Selasa, 07 Februari 2012

Persinggahan Mimpi

Mungkin aku belum mencapai titik kematangan seperti yang selalu aku impikan akan seorang aku. Prestasi akademisku tak selalu nomor satu, harus aku akui fakta bahwa selalu ada orang-orang yang lebih cerdas dariku. Intelektualitasku juga tak bisa terlalu aku andalkan, terlalu banyak momen dimana aku terlihat seperti orang bodoh. Beberapa targetkupun meleset dari yang seharusnya. Tak ada tanah bersalju eropa yang kunantikan dinginnya. Tanpa weekend ke menara Eiffel lalu berfoto ria disana, atau tidak juga melenggang bersama backpack untuk tidur di taman kota Madrid kala musim panas datang.
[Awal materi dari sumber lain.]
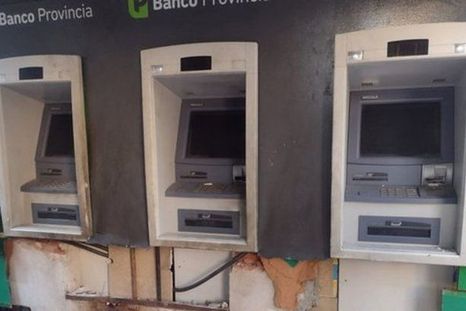 Los investigadores intentan determinar si se trató de un intento de robo o un acto de vandalismo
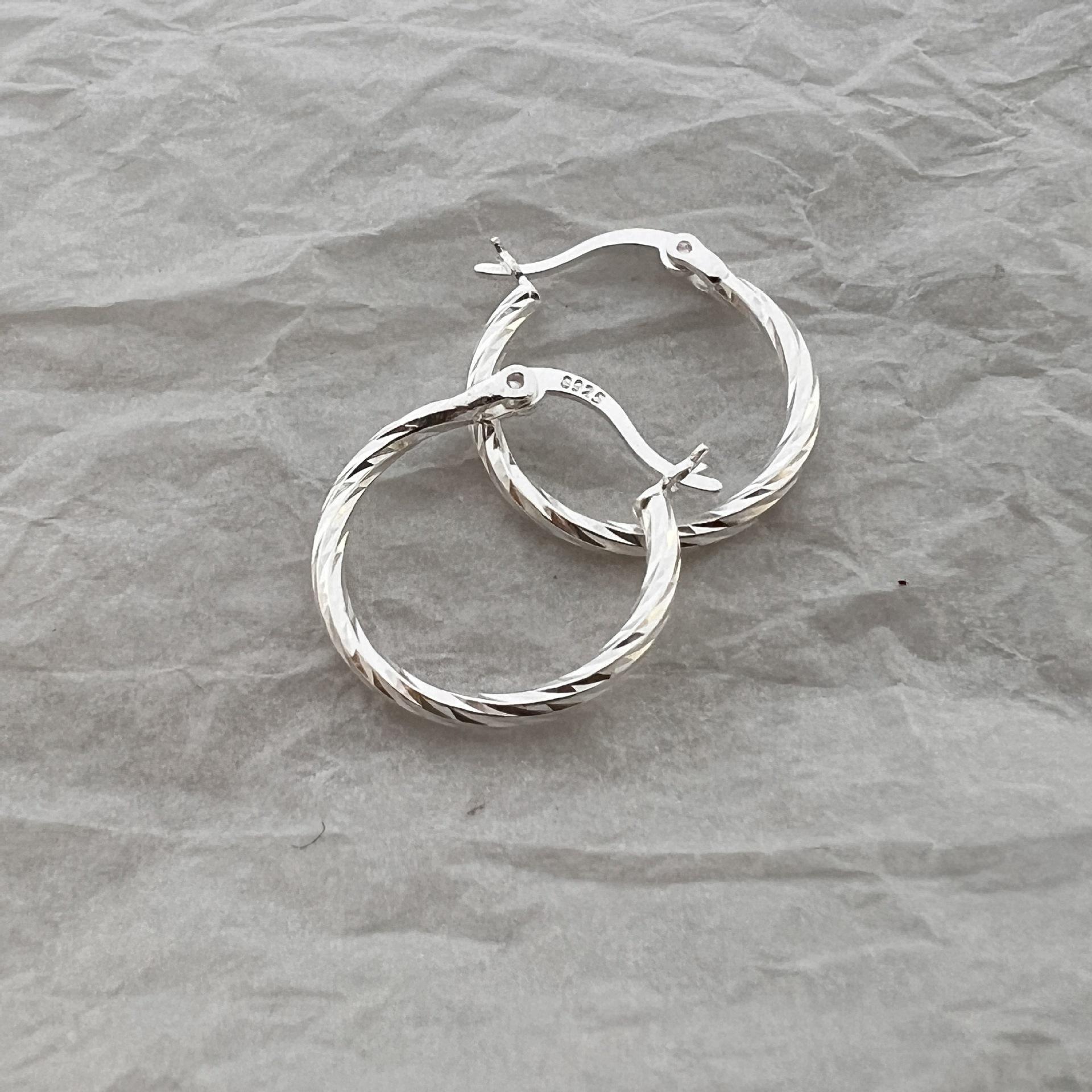 S925 Sterling Silver Geometric Twisted Circle Earrings for Women - Elegant Korean Design 925 Sterling Silver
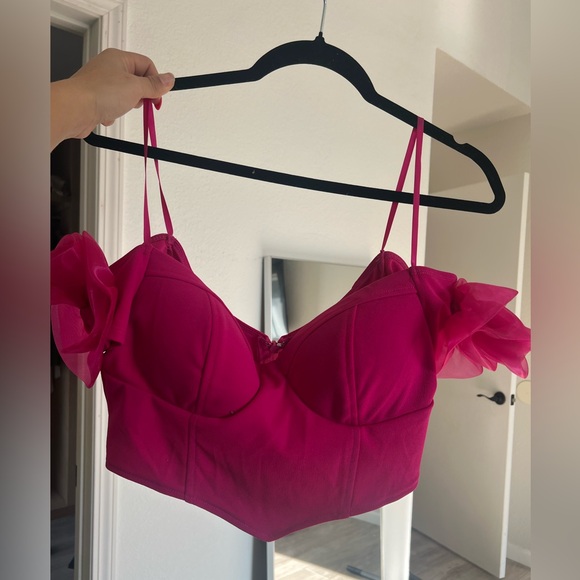 Tops - Vibrant Pink Strappy Crop Top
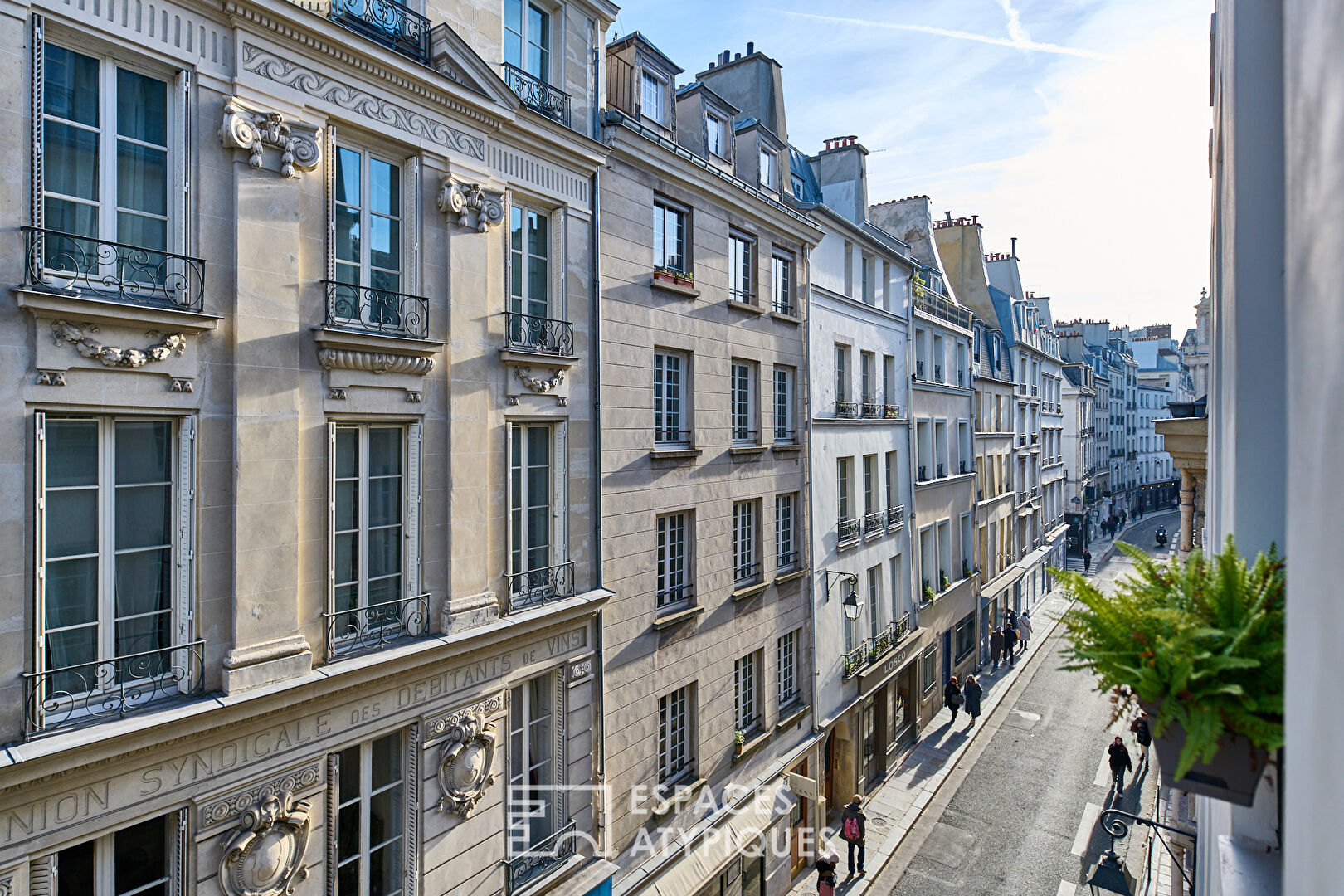Old apartment with the charms of the Marais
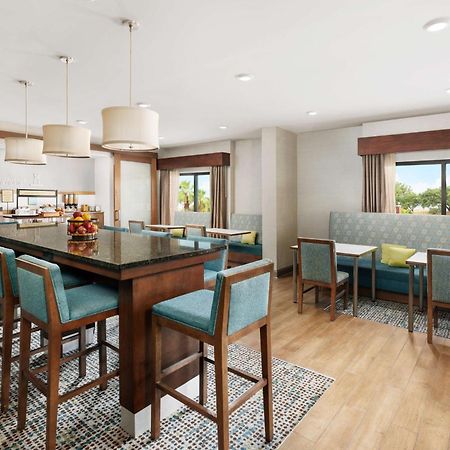 Hampton Inn Houston Hobby Airport Екстериор снимка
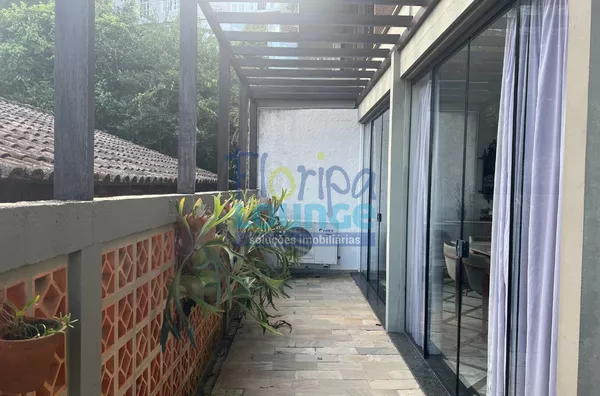 CASA COM LAZER,A VENDA NA AGRONÔMICA COM VISTA MAR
Sebenarnya duniaku sekarang adalah alam aneh di khayalan kanak-kanakku. Tak pernah terbersitpun di imajinasi masa kecilku akan berkutat dengan ayat-ayat Tuhan. Mempelajari kasus-kasus theologis serta hukum positif religi. Dahulu di otakku hal-hal seperti ini seperti ditakdirkan untuk lelaki-lelaki shalih bersorban macam pak Saliman. Walaupun aku pandai membaca Al- Qur’an dan tak pernah dapat nilai kurang dari 8 di pelajaran Agama waktu SD, tapi alam ide ku sudah lebih dulu familiar dengan Sir Isaac Newton, Albert Einstein, Thomas Alva Edison, serta yang paling gampang diingat adalah sang penemu telpon Alexander Graham Bell.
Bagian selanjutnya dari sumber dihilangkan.